● **PROMPT**
From the records below, print exactly the lines starting at the one containing "Voitures occasions ŠKODA" and ending at the one containing "ডাল মাখানি (dal", ends included, and nothing else.

● **EXERCISE INPUTS**

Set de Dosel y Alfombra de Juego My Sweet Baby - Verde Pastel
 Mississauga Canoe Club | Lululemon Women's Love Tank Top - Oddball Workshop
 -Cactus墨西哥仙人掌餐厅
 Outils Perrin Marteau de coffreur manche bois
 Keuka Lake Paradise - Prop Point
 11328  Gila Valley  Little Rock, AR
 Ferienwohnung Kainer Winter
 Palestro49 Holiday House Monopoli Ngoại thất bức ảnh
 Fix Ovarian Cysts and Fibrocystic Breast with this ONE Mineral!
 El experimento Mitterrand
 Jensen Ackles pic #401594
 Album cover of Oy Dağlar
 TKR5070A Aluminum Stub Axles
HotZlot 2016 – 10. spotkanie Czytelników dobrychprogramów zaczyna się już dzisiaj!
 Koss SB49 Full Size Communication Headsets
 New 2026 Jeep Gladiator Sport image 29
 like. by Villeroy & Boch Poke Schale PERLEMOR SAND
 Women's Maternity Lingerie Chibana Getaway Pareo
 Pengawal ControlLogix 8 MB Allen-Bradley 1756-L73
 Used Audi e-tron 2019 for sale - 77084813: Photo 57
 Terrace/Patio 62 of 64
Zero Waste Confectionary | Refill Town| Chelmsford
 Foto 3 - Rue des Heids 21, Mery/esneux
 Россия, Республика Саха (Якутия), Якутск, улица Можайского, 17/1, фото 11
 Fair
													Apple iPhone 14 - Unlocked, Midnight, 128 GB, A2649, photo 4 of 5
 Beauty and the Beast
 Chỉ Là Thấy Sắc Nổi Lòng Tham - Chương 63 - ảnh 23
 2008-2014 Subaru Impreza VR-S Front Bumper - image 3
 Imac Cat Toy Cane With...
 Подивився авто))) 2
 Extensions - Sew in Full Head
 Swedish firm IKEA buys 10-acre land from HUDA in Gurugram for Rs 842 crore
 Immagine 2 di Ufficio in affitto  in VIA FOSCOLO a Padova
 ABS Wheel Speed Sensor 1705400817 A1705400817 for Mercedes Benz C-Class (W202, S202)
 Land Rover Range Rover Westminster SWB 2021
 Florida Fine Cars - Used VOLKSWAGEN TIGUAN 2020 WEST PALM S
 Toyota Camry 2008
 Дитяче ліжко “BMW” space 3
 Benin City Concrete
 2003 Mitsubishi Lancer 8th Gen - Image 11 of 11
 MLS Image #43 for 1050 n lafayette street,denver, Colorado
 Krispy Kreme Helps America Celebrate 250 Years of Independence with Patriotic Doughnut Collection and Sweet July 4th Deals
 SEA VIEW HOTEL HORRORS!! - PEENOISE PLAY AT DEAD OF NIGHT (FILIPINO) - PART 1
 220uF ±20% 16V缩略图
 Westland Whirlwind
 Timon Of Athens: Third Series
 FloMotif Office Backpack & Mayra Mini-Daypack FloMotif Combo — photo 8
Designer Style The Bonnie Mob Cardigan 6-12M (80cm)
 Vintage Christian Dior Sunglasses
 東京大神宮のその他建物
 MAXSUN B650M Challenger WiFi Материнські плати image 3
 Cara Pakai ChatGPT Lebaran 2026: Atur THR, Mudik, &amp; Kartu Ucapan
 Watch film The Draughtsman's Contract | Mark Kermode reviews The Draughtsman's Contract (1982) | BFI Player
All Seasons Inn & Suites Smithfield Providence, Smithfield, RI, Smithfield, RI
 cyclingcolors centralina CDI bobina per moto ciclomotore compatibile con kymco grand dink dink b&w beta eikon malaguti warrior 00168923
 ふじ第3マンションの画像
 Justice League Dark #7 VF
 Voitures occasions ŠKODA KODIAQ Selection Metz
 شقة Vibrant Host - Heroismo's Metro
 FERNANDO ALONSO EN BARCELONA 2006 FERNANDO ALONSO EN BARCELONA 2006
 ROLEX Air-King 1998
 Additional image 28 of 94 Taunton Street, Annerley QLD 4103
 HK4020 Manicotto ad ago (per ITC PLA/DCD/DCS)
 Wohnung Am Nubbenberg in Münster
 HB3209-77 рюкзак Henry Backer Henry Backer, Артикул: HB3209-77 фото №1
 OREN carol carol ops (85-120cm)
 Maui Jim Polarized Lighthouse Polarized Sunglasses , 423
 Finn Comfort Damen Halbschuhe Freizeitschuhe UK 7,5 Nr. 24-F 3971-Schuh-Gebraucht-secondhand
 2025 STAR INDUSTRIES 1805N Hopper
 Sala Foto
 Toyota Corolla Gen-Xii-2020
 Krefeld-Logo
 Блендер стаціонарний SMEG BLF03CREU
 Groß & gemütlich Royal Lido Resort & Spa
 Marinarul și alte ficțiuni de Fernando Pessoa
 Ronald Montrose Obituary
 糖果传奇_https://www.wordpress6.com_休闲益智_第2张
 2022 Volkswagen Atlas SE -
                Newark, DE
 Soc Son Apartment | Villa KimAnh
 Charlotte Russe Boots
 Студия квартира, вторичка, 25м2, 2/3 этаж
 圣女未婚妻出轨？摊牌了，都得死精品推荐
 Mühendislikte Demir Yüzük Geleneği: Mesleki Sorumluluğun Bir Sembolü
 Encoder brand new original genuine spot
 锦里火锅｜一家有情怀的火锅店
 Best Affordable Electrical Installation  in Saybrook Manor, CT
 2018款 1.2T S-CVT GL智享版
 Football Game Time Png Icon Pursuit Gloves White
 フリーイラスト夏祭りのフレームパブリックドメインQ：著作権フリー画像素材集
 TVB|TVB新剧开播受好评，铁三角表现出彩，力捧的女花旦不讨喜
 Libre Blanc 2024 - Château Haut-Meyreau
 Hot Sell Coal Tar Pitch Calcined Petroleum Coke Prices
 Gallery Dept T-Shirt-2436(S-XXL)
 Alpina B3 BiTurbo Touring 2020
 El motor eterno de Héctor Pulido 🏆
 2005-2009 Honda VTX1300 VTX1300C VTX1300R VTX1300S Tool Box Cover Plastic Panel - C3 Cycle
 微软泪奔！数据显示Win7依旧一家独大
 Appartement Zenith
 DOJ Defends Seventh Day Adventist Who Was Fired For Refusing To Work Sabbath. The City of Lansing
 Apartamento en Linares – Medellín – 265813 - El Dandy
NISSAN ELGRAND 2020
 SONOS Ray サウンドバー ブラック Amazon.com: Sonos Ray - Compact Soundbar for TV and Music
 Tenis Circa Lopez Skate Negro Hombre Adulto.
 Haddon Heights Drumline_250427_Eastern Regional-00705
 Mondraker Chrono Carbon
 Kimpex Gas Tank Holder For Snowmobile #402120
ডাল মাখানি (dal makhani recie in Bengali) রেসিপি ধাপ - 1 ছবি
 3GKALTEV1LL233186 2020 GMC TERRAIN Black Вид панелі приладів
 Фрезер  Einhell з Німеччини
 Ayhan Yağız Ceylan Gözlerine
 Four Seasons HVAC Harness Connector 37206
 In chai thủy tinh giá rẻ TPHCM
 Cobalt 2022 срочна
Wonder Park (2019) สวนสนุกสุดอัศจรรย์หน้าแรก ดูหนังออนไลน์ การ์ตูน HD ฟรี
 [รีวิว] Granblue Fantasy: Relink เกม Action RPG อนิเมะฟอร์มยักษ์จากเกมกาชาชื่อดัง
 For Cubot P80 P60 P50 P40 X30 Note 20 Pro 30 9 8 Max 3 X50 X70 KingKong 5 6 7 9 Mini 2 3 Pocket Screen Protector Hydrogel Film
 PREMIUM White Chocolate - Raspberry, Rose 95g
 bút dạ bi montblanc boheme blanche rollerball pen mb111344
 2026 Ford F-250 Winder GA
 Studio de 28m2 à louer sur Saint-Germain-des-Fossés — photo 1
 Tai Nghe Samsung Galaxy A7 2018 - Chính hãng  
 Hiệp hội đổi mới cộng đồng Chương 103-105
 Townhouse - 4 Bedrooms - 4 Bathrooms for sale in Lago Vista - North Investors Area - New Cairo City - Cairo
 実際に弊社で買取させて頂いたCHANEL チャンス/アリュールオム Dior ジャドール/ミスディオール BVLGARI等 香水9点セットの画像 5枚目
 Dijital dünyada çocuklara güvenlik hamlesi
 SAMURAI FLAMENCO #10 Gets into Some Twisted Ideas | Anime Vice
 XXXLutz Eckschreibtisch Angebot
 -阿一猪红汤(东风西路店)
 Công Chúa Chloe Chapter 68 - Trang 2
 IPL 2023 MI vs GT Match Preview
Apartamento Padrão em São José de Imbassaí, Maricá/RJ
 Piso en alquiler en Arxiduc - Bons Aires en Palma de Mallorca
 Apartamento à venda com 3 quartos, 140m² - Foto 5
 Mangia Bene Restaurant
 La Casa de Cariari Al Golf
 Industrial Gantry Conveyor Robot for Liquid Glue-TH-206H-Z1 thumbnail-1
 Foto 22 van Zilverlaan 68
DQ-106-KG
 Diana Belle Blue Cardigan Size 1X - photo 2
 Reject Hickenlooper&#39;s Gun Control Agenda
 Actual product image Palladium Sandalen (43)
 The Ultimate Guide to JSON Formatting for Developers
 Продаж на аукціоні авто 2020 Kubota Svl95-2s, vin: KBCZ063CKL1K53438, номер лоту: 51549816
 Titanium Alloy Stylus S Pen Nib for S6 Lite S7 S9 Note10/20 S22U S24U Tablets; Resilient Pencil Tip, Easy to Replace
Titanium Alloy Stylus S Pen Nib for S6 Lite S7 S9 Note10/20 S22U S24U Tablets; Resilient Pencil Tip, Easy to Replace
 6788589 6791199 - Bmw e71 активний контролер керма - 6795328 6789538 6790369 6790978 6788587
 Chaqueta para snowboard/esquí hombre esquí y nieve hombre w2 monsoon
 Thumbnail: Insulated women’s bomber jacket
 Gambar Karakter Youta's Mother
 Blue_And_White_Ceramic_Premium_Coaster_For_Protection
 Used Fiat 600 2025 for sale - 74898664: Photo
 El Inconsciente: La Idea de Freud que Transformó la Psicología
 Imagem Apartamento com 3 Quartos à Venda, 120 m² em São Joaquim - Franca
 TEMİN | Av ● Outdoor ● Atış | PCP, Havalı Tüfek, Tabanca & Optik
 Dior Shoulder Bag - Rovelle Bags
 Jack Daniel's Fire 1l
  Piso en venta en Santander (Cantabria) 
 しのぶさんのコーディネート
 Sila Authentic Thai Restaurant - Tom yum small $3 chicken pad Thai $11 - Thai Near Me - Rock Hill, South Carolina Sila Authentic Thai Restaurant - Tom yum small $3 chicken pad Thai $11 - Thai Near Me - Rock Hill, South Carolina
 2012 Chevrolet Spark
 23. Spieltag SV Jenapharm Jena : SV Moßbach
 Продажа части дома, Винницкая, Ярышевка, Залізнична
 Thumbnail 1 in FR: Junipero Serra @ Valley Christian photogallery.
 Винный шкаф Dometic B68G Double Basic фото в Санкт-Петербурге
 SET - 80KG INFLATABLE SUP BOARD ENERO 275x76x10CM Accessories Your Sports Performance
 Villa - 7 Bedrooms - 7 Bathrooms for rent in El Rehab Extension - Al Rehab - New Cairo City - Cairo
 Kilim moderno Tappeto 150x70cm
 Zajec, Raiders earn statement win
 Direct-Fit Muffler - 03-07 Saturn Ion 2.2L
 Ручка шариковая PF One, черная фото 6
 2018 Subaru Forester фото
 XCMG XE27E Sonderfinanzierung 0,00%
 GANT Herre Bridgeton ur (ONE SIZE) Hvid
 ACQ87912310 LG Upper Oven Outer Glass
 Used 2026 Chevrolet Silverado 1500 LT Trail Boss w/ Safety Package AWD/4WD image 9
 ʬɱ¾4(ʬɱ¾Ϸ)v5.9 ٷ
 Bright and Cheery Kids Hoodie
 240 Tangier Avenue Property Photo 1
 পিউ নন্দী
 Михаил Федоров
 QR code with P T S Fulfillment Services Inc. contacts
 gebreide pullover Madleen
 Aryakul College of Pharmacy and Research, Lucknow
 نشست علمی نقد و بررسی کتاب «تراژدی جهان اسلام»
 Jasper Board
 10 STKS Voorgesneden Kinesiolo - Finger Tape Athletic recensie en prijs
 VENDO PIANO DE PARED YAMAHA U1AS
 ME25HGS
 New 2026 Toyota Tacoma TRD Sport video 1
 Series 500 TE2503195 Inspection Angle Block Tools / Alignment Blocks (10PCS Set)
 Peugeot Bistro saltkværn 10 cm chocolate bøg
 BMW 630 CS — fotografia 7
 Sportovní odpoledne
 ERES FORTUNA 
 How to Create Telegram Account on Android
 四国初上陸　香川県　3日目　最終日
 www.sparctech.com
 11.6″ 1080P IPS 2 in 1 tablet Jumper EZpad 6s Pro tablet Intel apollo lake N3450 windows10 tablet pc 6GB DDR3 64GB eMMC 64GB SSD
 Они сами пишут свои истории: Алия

● **TASK SOLUTION**
 Voitures occasions ŠKODA KODIAQ Selection Metz
 شقة Vibrant Host - Heroismo's Metro
 FERNANDO ALONSO EN BARCELONA 2006 FERNANDO ALONSO EN BARCELONA 2006
 ROLEX Air-King 1998
 Additional image 28 of 94 Taunton Street, Annerley QLD 4103
 HK4020 Manicotto ad ago (per ITC PLA/DCD/DCS)
 Wohnung Am Nubbenberg in Münster
 HB3209-77 рюкзак Henry Backer Henry Backer, Артикул: HB3209-77 фото №1
 OREN carol carol ops (85-120cm)
 Maui Jim Polarized Lighthouse Polarized Sunglasses , 423
 Finn Comfort Damen Halbschuhe Freizeitschuhe UK 7,5 Nr. 24-F 3971-Schuh-Gebraucht-secondhand
 2025 STAR INDUSTRIES 1805N Hopper
 Sala Foto
 Toyota Corolla Gen-Xii-2020
 Krefeld-Logo
 Блендер стаціонарний SMEG BLF03CREU
 Groß & gemütlich Royal Lido Resort & Spa
 Marinarul și alte ficțiuni de Fernando Pessoa
 Ronald Montrose Obituary
 糖果传奇_https://www.wordpress6.com_休闲益智_第2张
 2022 Volkswagen Atlas SE -
                Newark, DE
 Soc Son Apartment | Villa KimAnh
 Charlotte Russe Boots
 Студия квартира, вторичка, 25м2, 2/3 этаж
 圣女未婚妻出轨？摊牌了，都得死精品推荐
 Mühendislikte Demir Yüzük Geleneği: Mesleki Sorumluluğun Bir Sembolü
 Encoder brand new original genuine spot
 锦里火锅｜一家有情怀的火锅店
 Best Affordable Electrical Installation  in Saybrook Manor, CT
 2018款 1.2T S-CVT GL智享版
 Football Game Time Png Icon Pursuit Gloves White
 フリーイラスト夏祭りのフレームパブリックドメインQ：著作権フリー画像素材集
 TVB|TVB新剧开播受好评，铁三角表现出彩，力捧的女花旦不讨喜
 Libre Blanc 2024 - Château Haut-Meyreau
 Hot Sell Coal Tar Pitch Calcined Petroleum Coke Prices
 Gallery Dept T-Shirt-2436(S-XXL)
 Alpina B3 BiTurbo Touring 2020
 El motor eterno de Héctor Pulido 🏆
 2005-2009 Honda VTX1300 VTX1300C VTX1300R VTX1300S Tool Box Cover Plastic Panel - C3 Cycle
 微软泪奔！数据显示Win7依旧一家独大
 Appartement Zenith
 DOJ Defends Seventh Day Adventist Who Was Fired For Refusing To Work Sabbath. The City of Lansing
 Apartamento en Linares – Medellín – 265813 - El Dandy
NISSAN ELGRAND 2020
 SONOS Ray サウンドバー ブラック Amazon.com: Sonos Ray - Compact Soundbar for TV and Music
 Tenis Circa Lopez Skate Negro Hombre Adulto.
 Haddon Heights Drumline_250427_Eastern Regional-00705
 Mondraker Chrono Carbon
 Kimpex Gas Tank Holder For Snowmobile #402120
ডাল মাখানি (dal makhani recie in Bengali) রেসিপি ধাপ - 1 ছবি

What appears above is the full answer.